Me AN : Dans notre façon de travailler, nous recherchons dans les unités. Parce que quand on approche les autorités, on dit okay, nous venons pour les personnes qui ont été interpellées. Personne ne vous dit ‘j’ai quelqu'un ici’. Personne. Ce que nous faisons, nous, le Collectif, quand les noms nous sont donnés, nous les recherchons. Nous avons de bonnes pistes qui nous disent où le président du Collectif des enseignants est. Je ne peux pas encore le dire ici parce que ce n'est pas encore vérifié. Nous ne l'avons pas encore vu.

Mais dès lundi, l'équipe sera déployée sur le terrain encore, comme depuis la semaine dernière. Nous allons faire de notre mieux pour trouver ou essayer de trouver son lieu de détention.

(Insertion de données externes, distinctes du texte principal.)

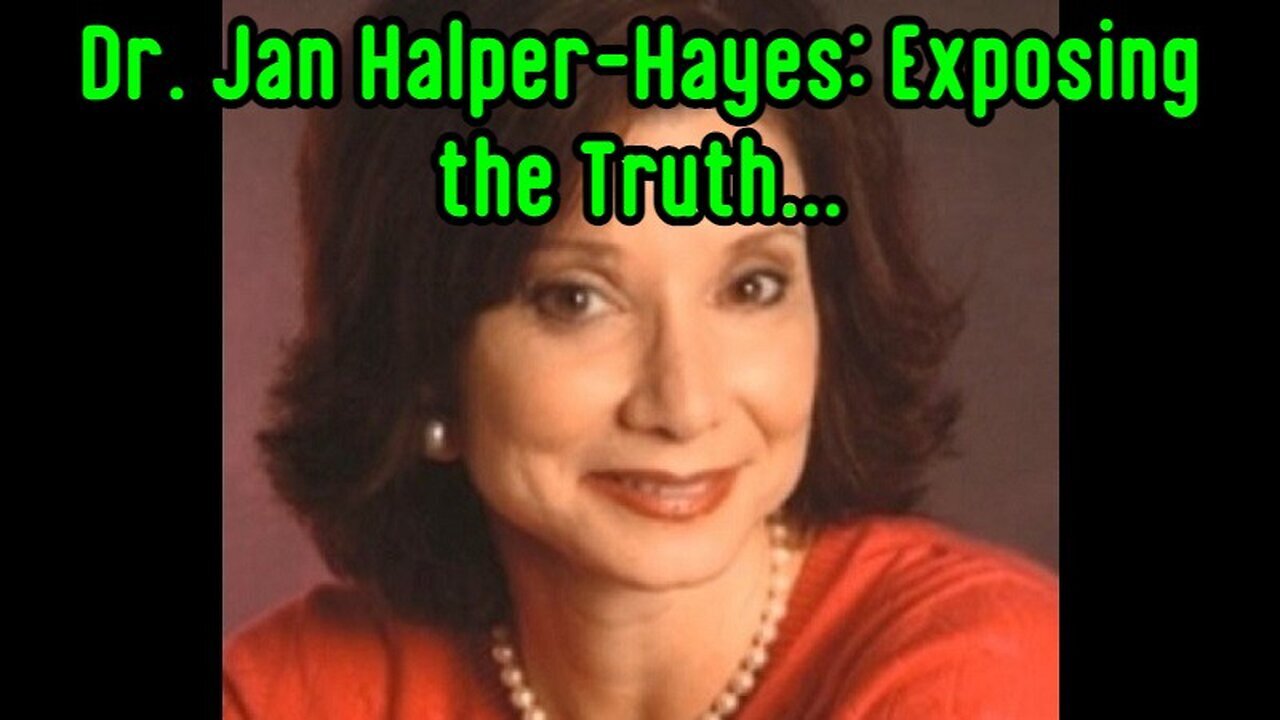 Dr. Jan Halper-Hayes: Exposing the Truth About Texas Border War... 2/4/24..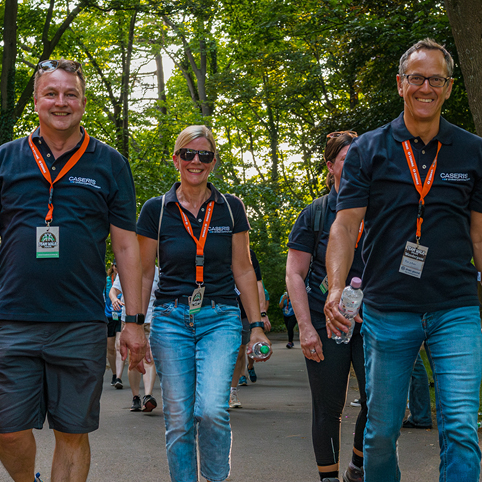Teamwalk CASERIS Gruppe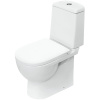 Унитаз-компакт напольный с бачком и сиденьем Sanita Luxe Best WC.CC/BEST/2-P/WHT.G/S1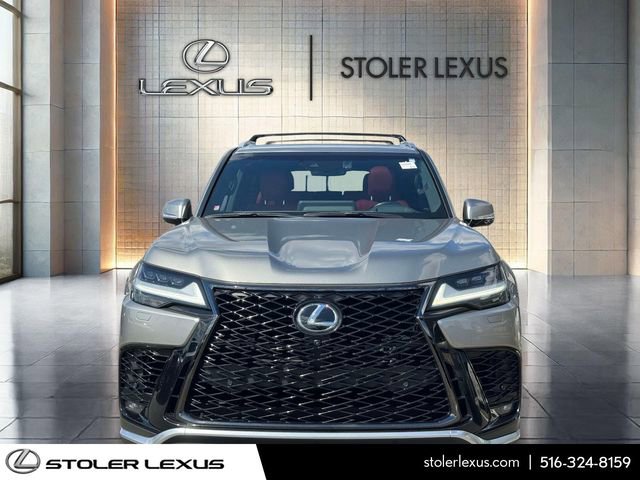 Used 2023 Lexus LX 600 F Sport w/ Accessory Package (Z1) AWD/4WD image 2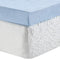 Classic Brands 3-Inch Cool Cloud Gel Memory Foam Mattress Topper With Free Cover, Queen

Parce que tout cela fait partie des difficultés que nous rencontrons sur le terrain. Notamment, avoir accès aux personnes gardées à vue. C'est ce que nous dénonçons ici. C'est ce que nous dénonçons depuis longtemps.

Qu'est-ce qu'on reproche à ces personnes ? Et si les reproches qui leur sont faites sont fondées, pourquoi ne pas s'assurer que leurs droits sont respectés ? Pourquoi les cacher ? Par exemple, pourquoi ne pas leur donner accès à un avocat ? Pourquoi leur faire des auditions en secret et les faire signer des bordereaux qui seront contestés ? Voilà le leitmotiv de notre combat. Et nous allons continuer à les chercher, pour ceux qu'on pourra trouver, et nous documenterons. Ensuite nous allons communiquer sur cette question.

 

SAB : Cela veut dire que ces deux cas n'étaient pas présents le 30 octobre dernier au tribunal militaire ?

Me AN : Non, nous ne les avons pas vus au tribunal militaire.